Thalassaemias include a group of hereditary anaemias (from mild to lethal) caused by defects in the synthesis of one or more globin chains. Globins are the protein part of haemoglobin, the red blood cells main component, the oxygen-carrying blood cells. Haemoglobin is a metalloprotein which, in addition to the protein chains called globin chains, contains haem groups whose iron component is responsible for binding and transporting oxygen.
There are different globin chains, which combine in different ways to form different types of haemoglobin. In adults, 98% of haemoglobin in red blood cells is type A and consists of two α-chains and two β-chains. In thalassaemia, the synthesis of the chains is affected, so if the a-chain synthesis is affected, we are speaking of α-thalassaemia and if it is the b-chain affected, we are speaking of β-thalassaemia.
Origin of thalassaemias
From the pathophysiological point of view, the reason why this decrease in globin chain synthesis causes a disease, it is because this decrease in the synthesis of one type of globin chain breaks the normal balance between the a and b chains and leads to the intracellular accumulation of one of them. Thus, in α-thalassaemia there is an excess of β-chains and in β-thalassaemia an excess of alpha-chains. In both cases, precipitates are formed inside the red blood cells, which cause their premature destruction before they reach full maturation. In addition, those that manage to overcome the maturation process contain so many precipitates that their survival in the circulation is reduced, resulting in haemolysis. Hence, thalassaemias are haemolytic anaemias, i.e. caused by lysis of red blood cells.
Types of Thalassaemias: Beta and alpha
Thalassaemias are autosomal recessive hereditary diseases, i.e. an affected person has both copies of the defective gene (inherited from their father and mother), those who have only one defective copy will be carriers (they can transmit it) but will not have symptoms. Thalassaemia frequency is very high 5% of carriers in the world population.
- – β-thalassaemia is common in Mediterranean populations, North African, Middle Eastern or Indian origin;
- – Whereas α-thalassaemia is concentrated in the Asian subcontinent, China, Malaysia, Indochina, the Mediterranean and Africa.

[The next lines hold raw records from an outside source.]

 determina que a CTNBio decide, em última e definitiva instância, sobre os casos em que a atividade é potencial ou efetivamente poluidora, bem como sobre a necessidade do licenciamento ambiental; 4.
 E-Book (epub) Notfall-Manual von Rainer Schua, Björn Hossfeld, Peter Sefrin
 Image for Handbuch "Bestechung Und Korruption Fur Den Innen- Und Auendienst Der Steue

From a molecular point of view, thalassaemias are caused by mutations in globin genes. In α-thalassaemia, such mutations consist of deletions of part or all the gene, HBA1 or HBA2, which encode the a-chain and are located on chromosome 16.

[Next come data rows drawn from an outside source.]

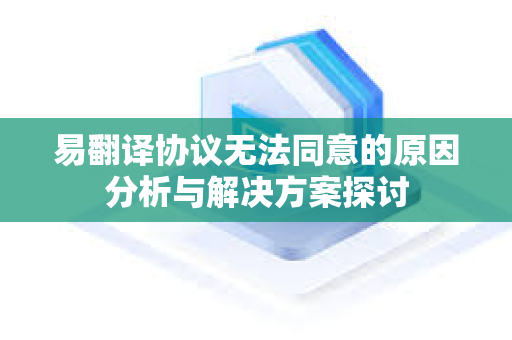 易翻译协议无法同意的原因分析与解决方案探讨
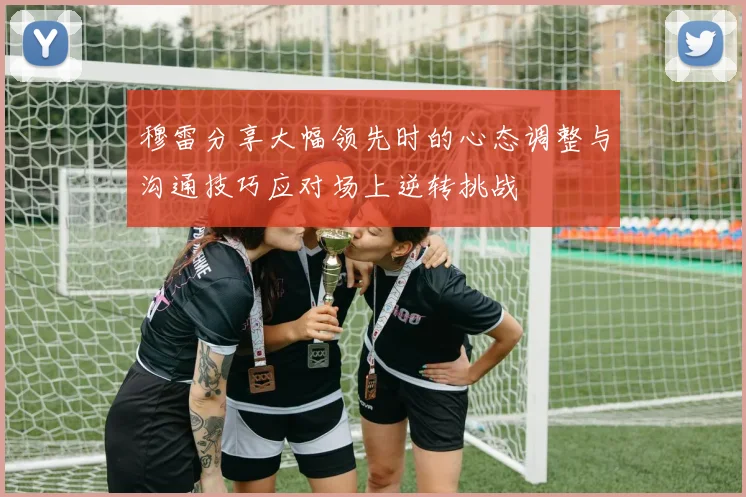 穆雷分享大幅领先时的心态调整与沟通技巧应对场上逆转挑战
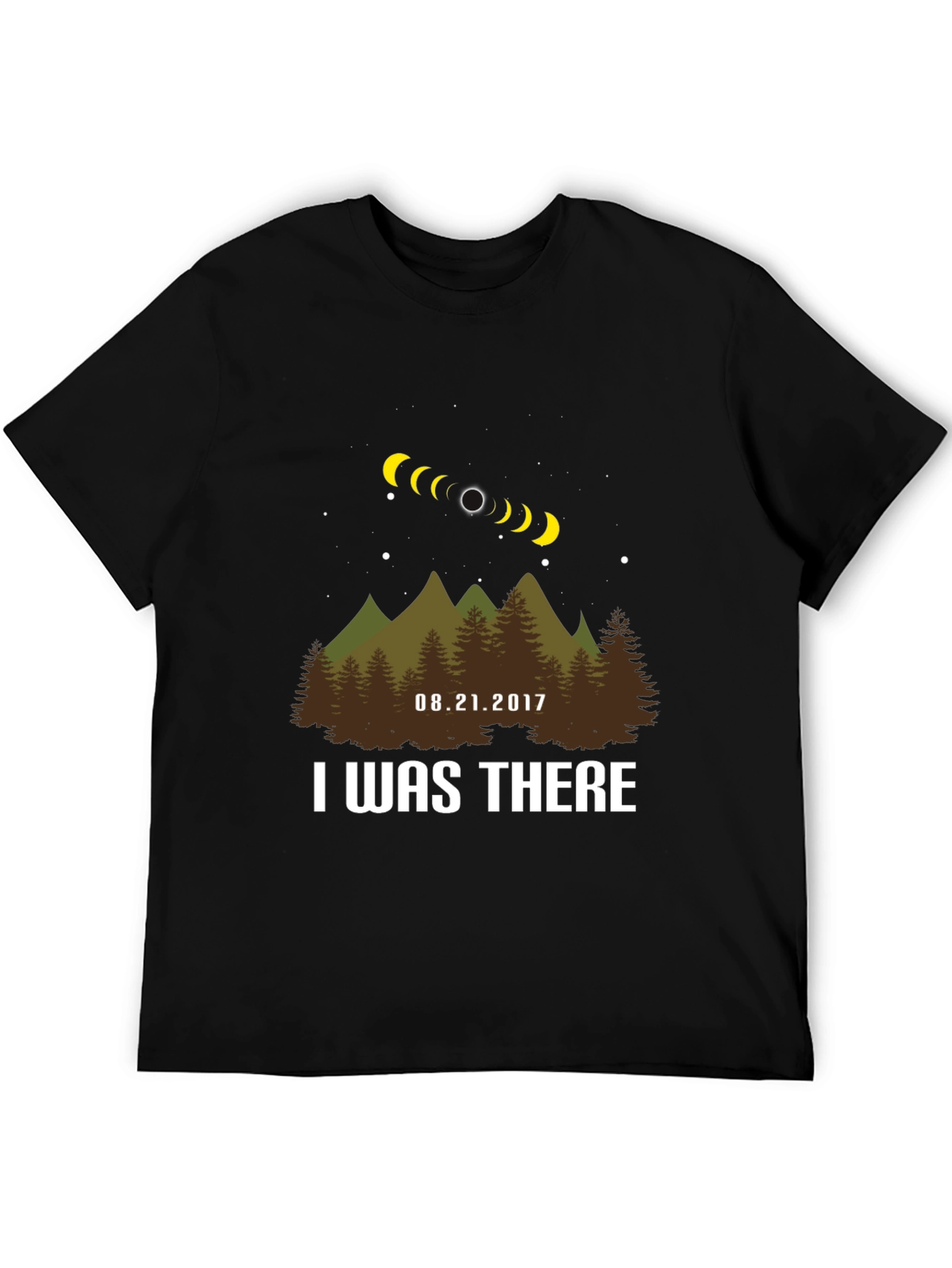 Eclipse 2017 T-Shirt - I Was There!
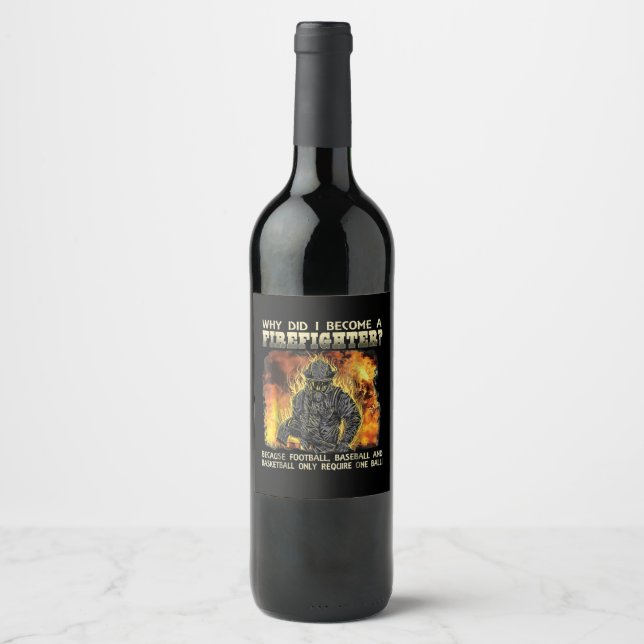 Firefighter Gift | Why Did I Become A Firefighter Wine Label (Front)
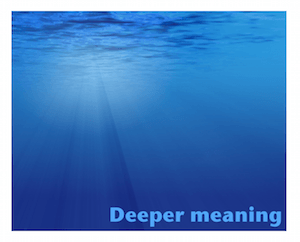 Deeper meaning pure significance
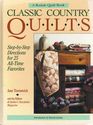 Classic Country Quilts StepByStep Directions for 25 AllTime Favorites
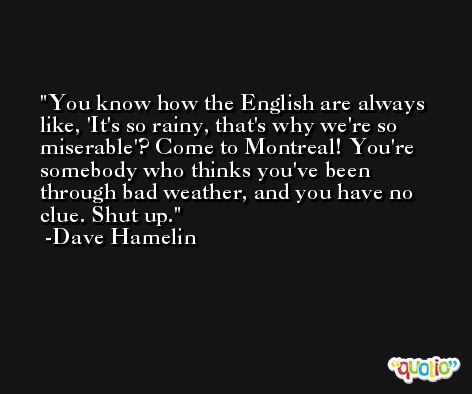 You know how the English are always like, 'It's so rainy, that's why we're so miserable'? Come to Montreal! You're somebody who thinks you've been through bad weather, and you have no clue. Shut up. -Dave Hamelin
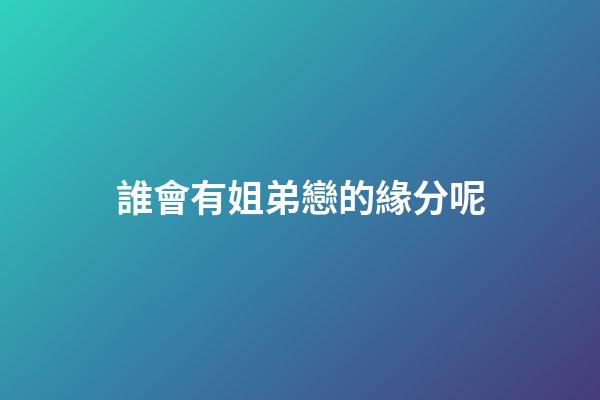 誰會有姐弟戀的緣分呢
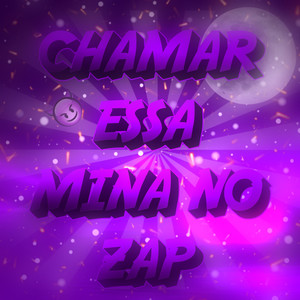 MONTAGEM - CHAMAR ESSA MINA NO ZAP (Explicit)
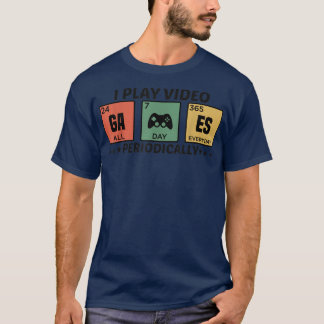T-shirt Je joue aux jeux vidéo périodiquement, amusant jeu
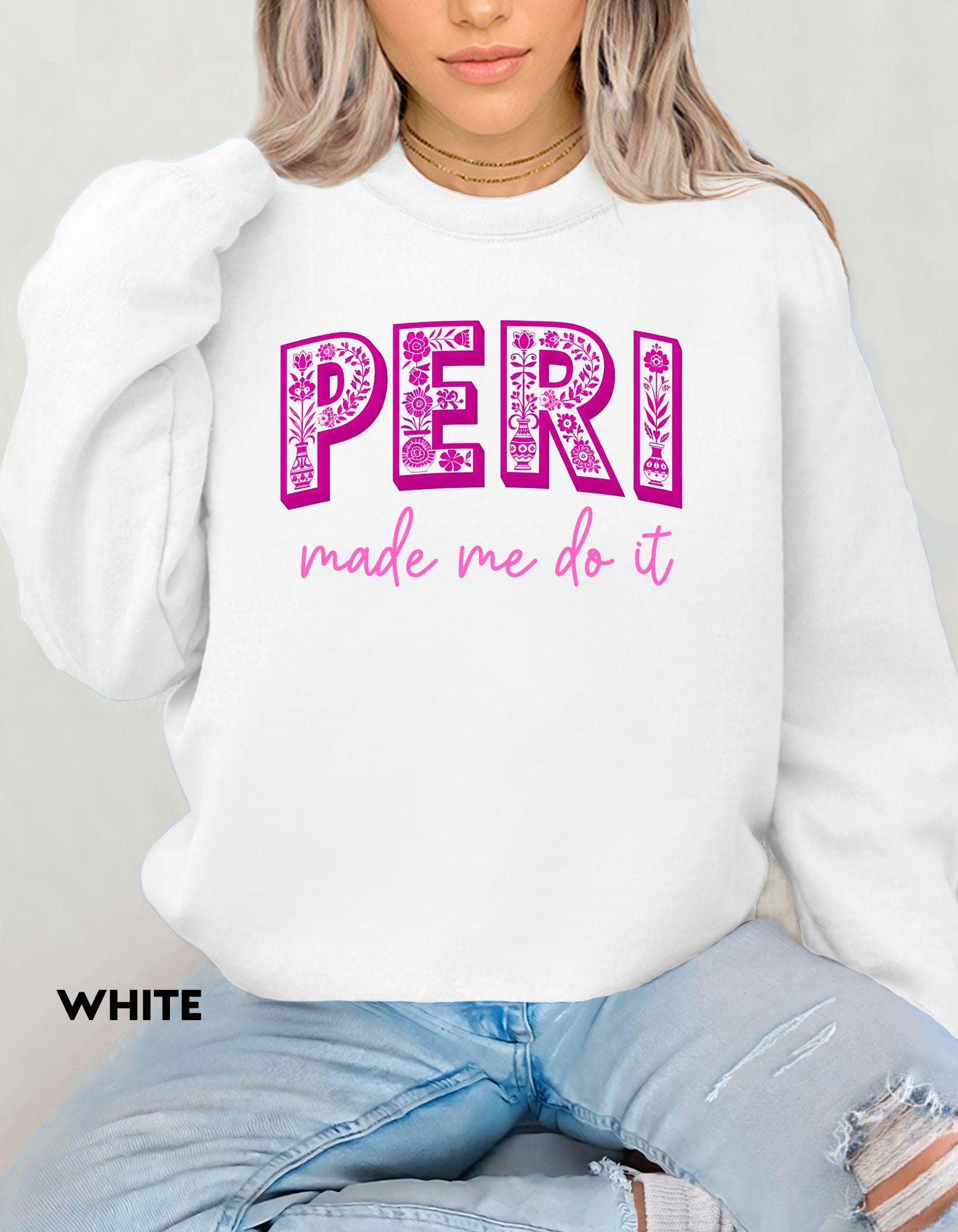PERI Made Me Do It Sweatshirt, Funny Menopause Shirt, Perimenopause Humor Gift for Women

The β-thalassaemias are caused by single nucleotide substitutions in the sequence of the HBB gene (encoding the β-chain) located on chromosome 11.
In any case, in both a and β-thalassaemias, the intensity of the deficit depends on the degree of genetic alteration and can vary from deficient or partial synthesis. And therefore with different clinical expression, which allows thalassaemias to be classified as follows:
- Major thalassaemia, which corresponds to the most clinically expressive forms (very intense chronic haemolytic syndrome with severe anaemia).

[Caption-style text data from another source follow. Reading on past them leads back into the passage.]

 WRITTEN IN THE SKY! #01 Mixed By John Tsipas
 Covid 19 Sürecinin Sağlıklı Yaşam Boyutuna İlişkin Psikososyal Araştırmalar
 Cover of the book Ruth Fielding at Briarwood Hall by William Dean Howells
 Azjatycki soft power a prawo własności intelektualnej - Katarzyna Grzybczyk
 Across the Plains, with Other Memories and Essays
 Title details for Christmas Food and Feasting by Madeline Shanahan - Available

- Minor thalassaemia, which corresponds to forms with little or no clinical expression (minimal thalassaemia or asymptomatic carriers).
- Medium Thalassaemia which corresponds to forms of clinical expression of varying intensity, but always characterised by a moderate or severe haemolytic syndrome with anaemia.
Diagnosis of thalassaemia
In terms of diagnosis, a blood count accompanied by haemoglobin electrophoresis allows to identify different types of haemoglobinopathies. However, in case of thalassaemias, as it is a recessive disease, carriers will be totally asymptomatic and will therefore not show any type of alteration. Only a genetic study of the genes encoding the α and β chains can verify carrier status. In recessive diseases, it is important to know the carrier status in order to prevent the occurrence of the disease in offspring.
In conclusion, thalassaemias are hereditary anaemias in which molecular studies are essential for the patients’ diagnosis and monitoring. They allow adequate genetic counselling. They are therefore essential to prevent the transmission of the disease through preimplantation genetic diagnosis PGD after in vitro fertilisation treatment or prenatal diagnosis during pregnancy. In short, they help us to understand how the disease originates, which may lead to the development of future therapeutic strategies.